Sometimes we, as practitioners, get so busy in our daily routines that we forget to stop and think of other possible options for our patients. Today, GP lens manufacturers have increasing capabilities with their lathes and software to make lenses more customized than in the past. This month’s column describes a patient that, more than likely, would have been dissuaded from contact lens wear by the vast majority of providers––but, with a little creativity, turned into a happy, successful lens wearer.

1. Corneal staining in the right eye.
J.J. is a 58-year-old female who was referred to the contact lens service because she had an interest in contact lens wear. She reported having worn “hard” lenses many years ago, but had stopped due to dryness and discomfort. She now only wore distance correction glasses, removing them to read.

She reported having dry eyes, used lubricating drops two to three times a day, had no other ocular or systemic history and had no other complaints other than the dryness and the desire for contact lenses.

Her corrected visual acuity measured 20/25-1 at distance O.U., and 20/40 uncorrected at near O.U. All entrance testing was normal. Refraction yielded a prescription of -3.00–3.00 x 178 in the right eye and -2.75–3.25 x 5 in the left eye, correcting to 20/25 in each eye. Her near add was measured to be +2.25D. Slit lamp examination revealed 1-2+ superficial punctate keratitis (SPK) O.U. (figure 1). There was minimal injection of the conjunctiva and minimal evidence of lens changes. Fundus examination was unremarkable.

At this point, given her significant astigmatic prescription, presbyopia and dry eyes—to the point of having obvious corneal staining—my initial thought was that wearing contact lenses would not be possible. But stepping back to assess the situation, I thought about how I would manage her if she presented to me for treatment of her dry eyes. I would certainly consider all the treatment options, one of which could be scleral GP lenses. The more I considered the option of fitting her in scleral lenses—the potential benefits for her dry eyes and good vision correction—the more I thought this option had room to succeed. The only consideration would be how to account for near vision. Right now, J.J. only used her glasses for distance. It would not be that helpful to go from wearing glasses only for distance to using reading glasses.

2. Scleral lens in the right eye.
At this point, I decided to contact one of the labs that I order scleral lenses from to ask if they could put a front surface add power on their scleral lens. The technician replied, “yes.” I offered this option to J.J., and she eagerly accepted the idea of fitting her in scleral bifocal GPs.

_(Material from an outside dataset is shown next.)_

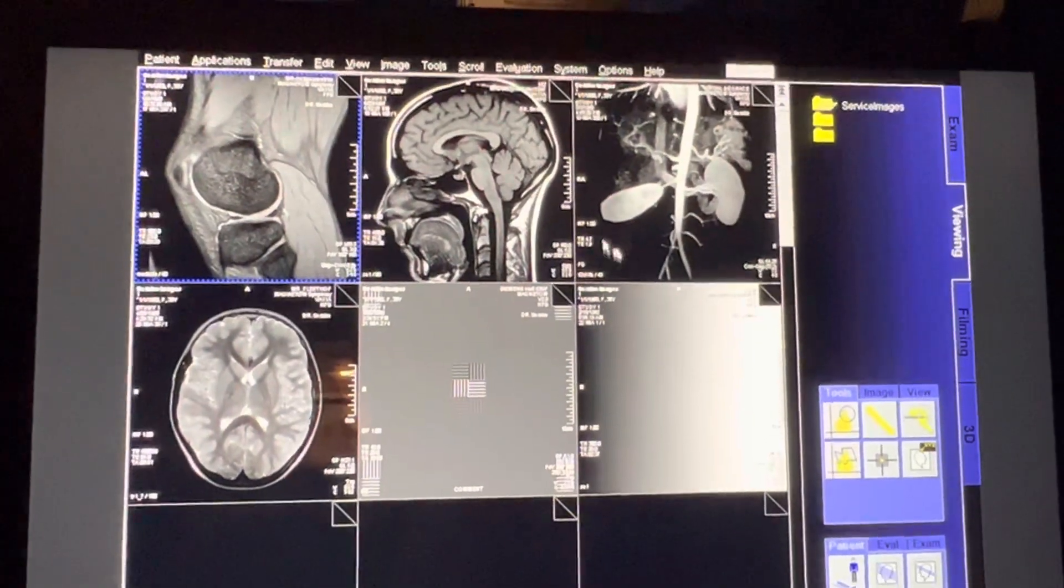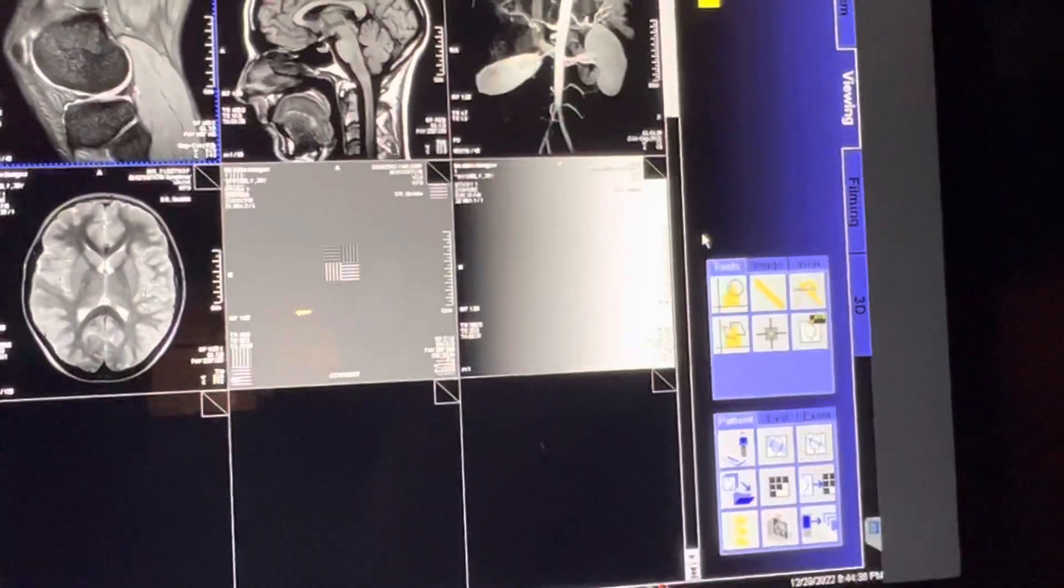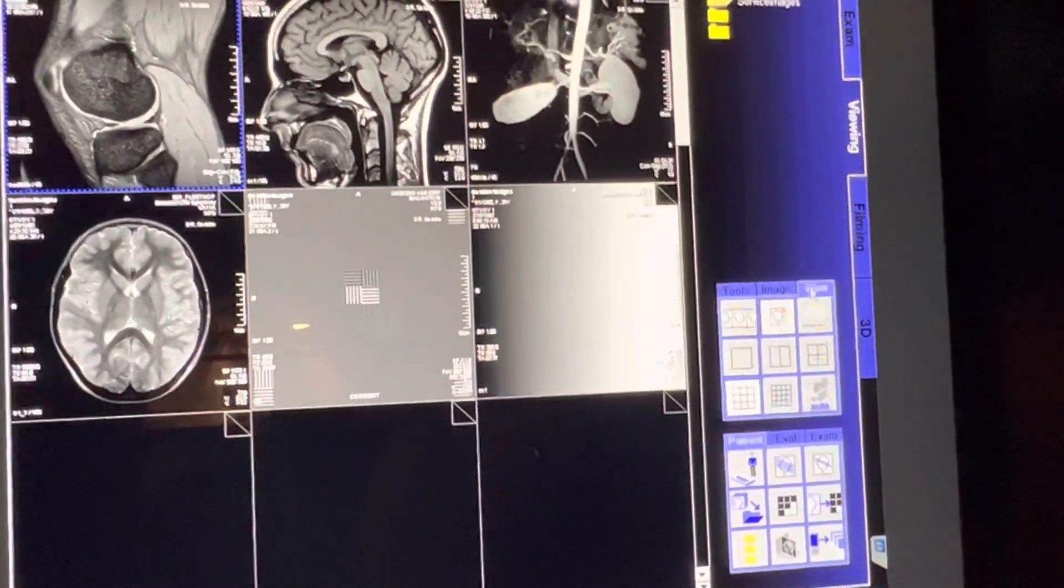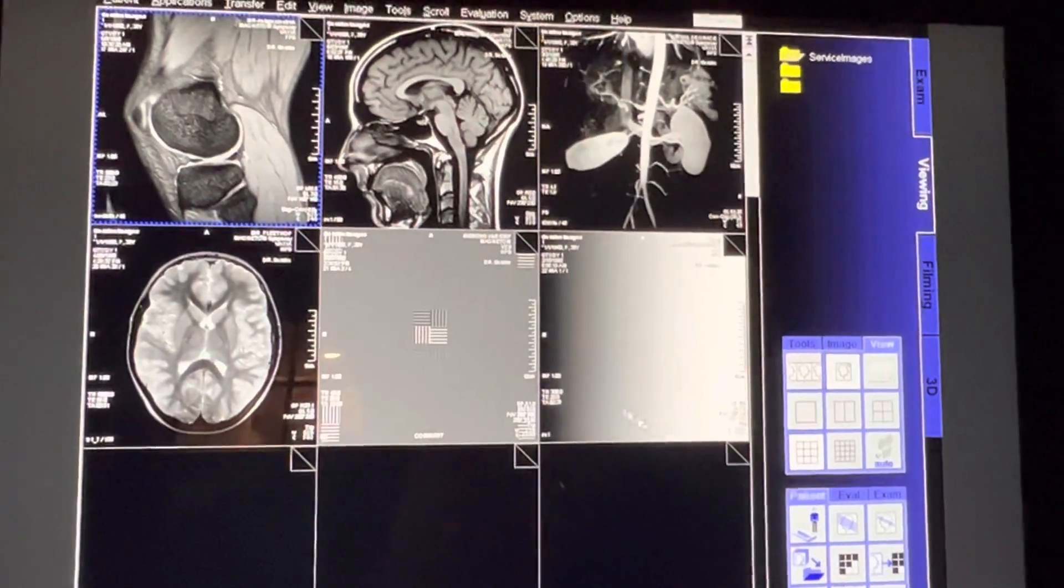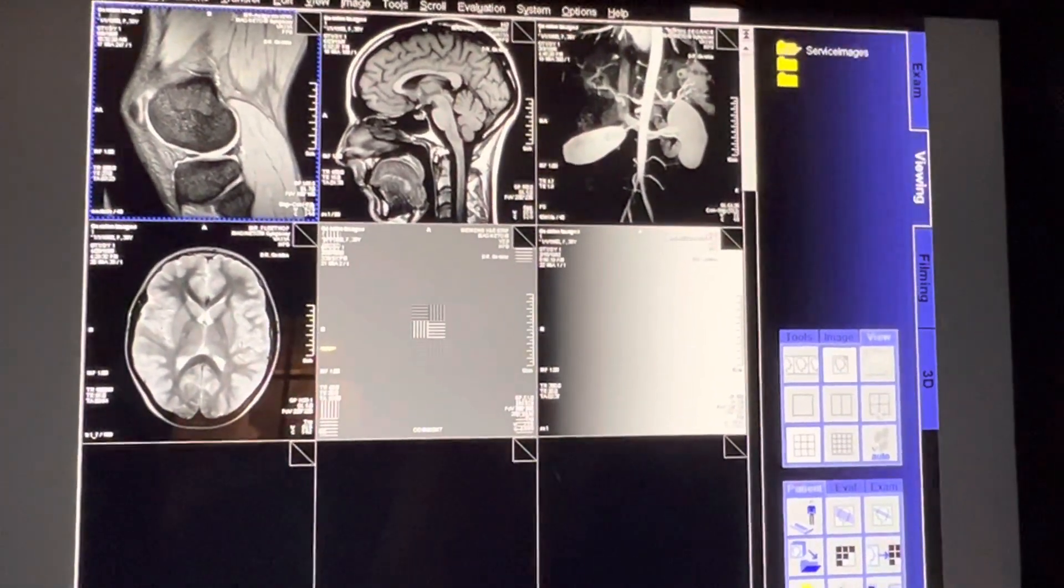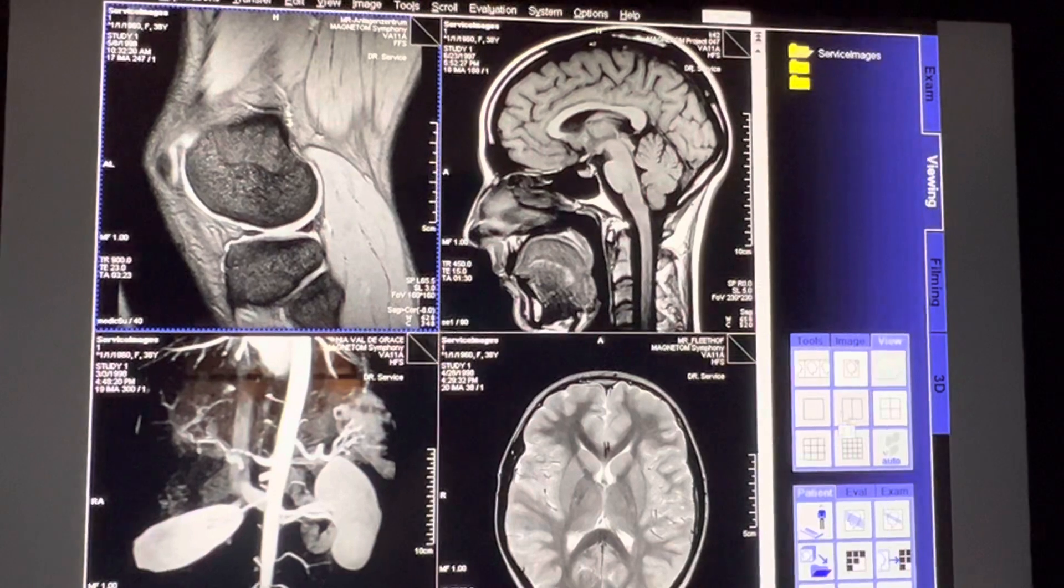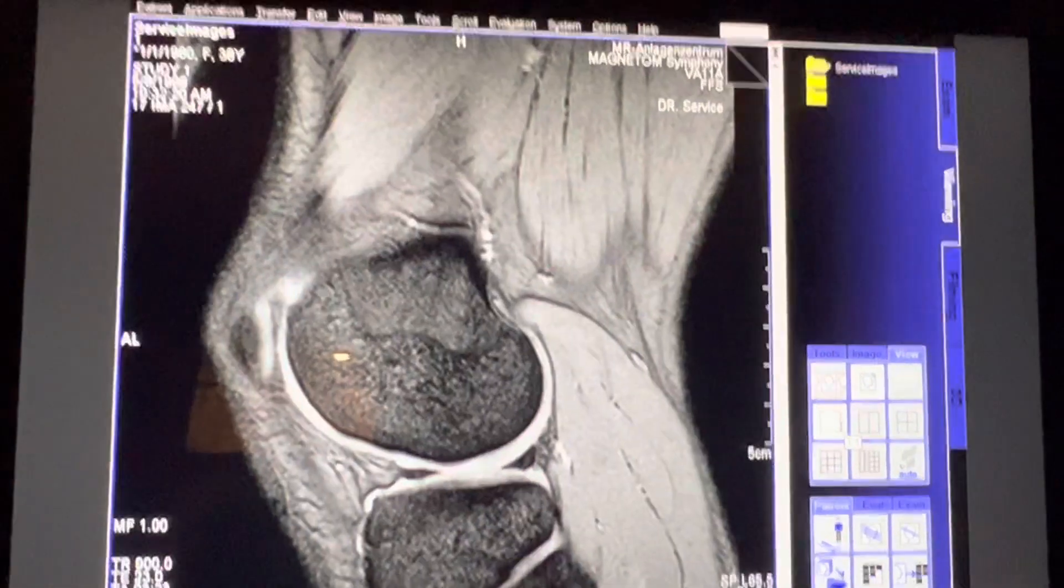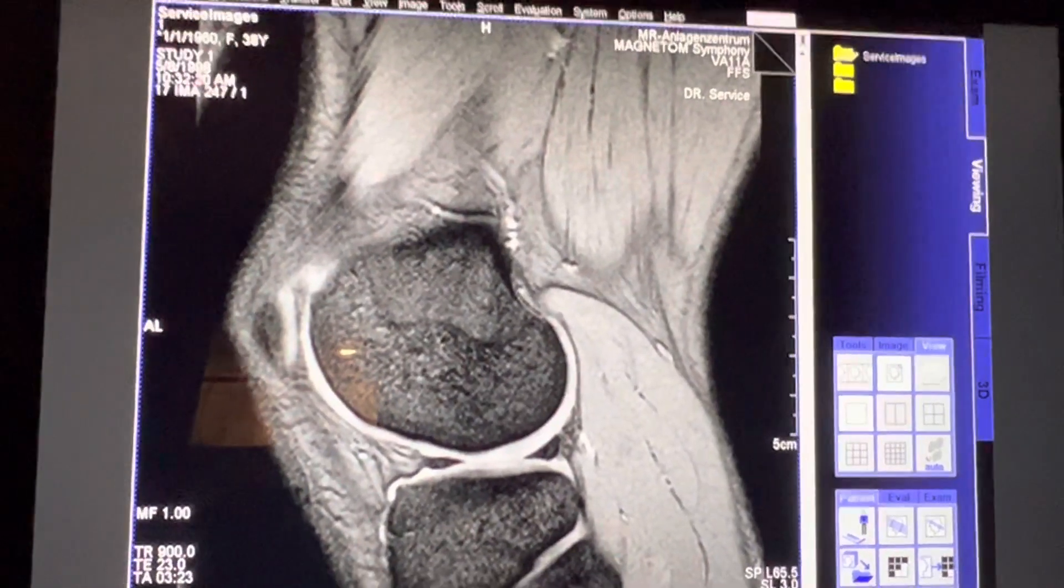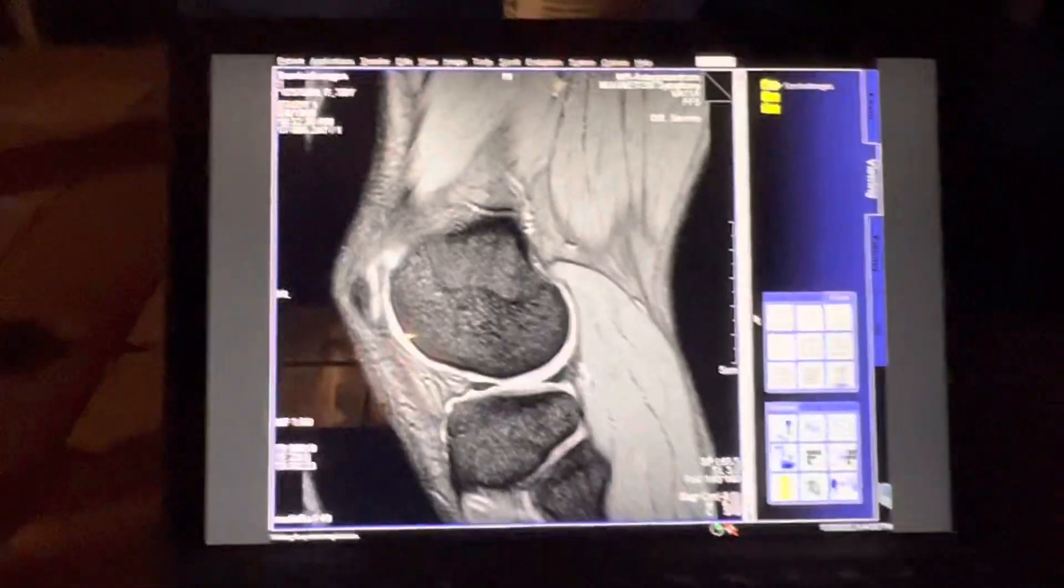Boom! There are all my images. Now you can change the view. Currently I have nine on one. We can go to four on one, two on one, or one on one.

The best attempt at keratometry through the corneal irregularity revealed Ks in the 43.00D to 46.00D range in each eye. A fitting was undertaken with a 15.0mm diameter lens, with the goal to have full corneal clearance. I chose a 15.0mm lens over something larger to try to ensure good centration for the bifocal. Larger diameter lenses, in my experience, have an increased tendency to ride just slightly low, which might create vision problems with the bifocal.

The final lens fit in each eye resulted in good centration, approximately 100µ of corneal clearance at the shallowest point and good scleral alignment (see figures 2 and 3). The lenses were ordered with the distance prescription in each eye, with a 2.0mm zone of +2.25D add in the center of each lens for near. The lenses were dispensed and the vision with the lenses was 20/20 O.U. at distance and 20/25 O.U. at near. J.J. had no problems mastering the insertion and removal process, and the care regimen was carefully explained to her. Because these lenses were corneal vaulting, fluid ventilated lenses, they were not fenestrated and required filling with non-preserved saline solution at insertion. At the two-week follow-up visit, J.J. reported using the lenses up to 12 hours a day with good comfort, good vision and no problems.

3. Approximately 100µ of apical corneal vault in the right eye.
This case brings out a few worthwhile points. First, scleral lenses can be useful for dry eye patients––even those without pathologic dry eye. Choosing those patients carefully can produce good results in situations that would otherwise be hopeless for contact lens wear. Second, multifocal optics can be cut on many lens designs, even those not specifically advertised, by simply asking your lab. You may find this true even with some of your current lenses. When faced with a scenario that seems like a no-win situation, take a step back, think outside the box for a minute and you may turn that no-win situation into a win-win for you and your patient.